Content starts

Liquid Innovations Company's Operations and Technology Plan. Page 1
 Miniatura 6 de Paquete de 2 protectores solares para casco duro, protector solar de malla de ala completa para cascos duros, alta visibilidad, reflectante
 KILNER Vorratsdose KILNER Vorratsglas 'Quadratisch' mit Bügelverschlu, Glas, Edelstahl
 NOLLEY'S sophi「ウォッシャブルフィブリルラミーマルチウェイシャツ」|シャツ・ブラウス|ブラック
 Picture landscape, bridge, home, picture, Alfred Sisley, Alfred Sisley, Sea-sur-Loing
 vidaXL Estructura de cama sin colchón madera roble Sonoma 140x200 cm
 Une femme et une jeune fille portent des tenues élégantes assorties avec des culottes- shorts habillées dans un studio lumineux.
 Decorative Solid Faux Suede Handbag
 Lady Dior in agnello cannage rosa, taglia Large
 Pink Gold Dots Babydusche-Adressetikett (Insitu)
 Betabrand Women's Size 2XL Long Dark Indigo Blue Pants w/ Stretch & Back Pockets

Content ends

EXERCISE DESCRIPTION →
Your reply should consist only of the lines from the one containing "vidaXL Estructura de" through the last line of the records, each reproduced exactly.

ANSWER SPACE →
 vidaXL Estructura de cama sin colchón madera roble Sonoma 140x200 cm
 Une femme et une jeune fille portent des tenues élégantes assorties avec des culottes- shorts habillées dans un studio lumineux.
 Decorative Solid Faux Suede Handbag
 Lady Dior in agnello cannage rosa, taglia Large
 Pink Gold Dots Babydusche-Adressetikett (Insitu)
 Betabrand Women's Size 2XL Long Dark Indigo Blue Pants w/ Stretch & Back Pockets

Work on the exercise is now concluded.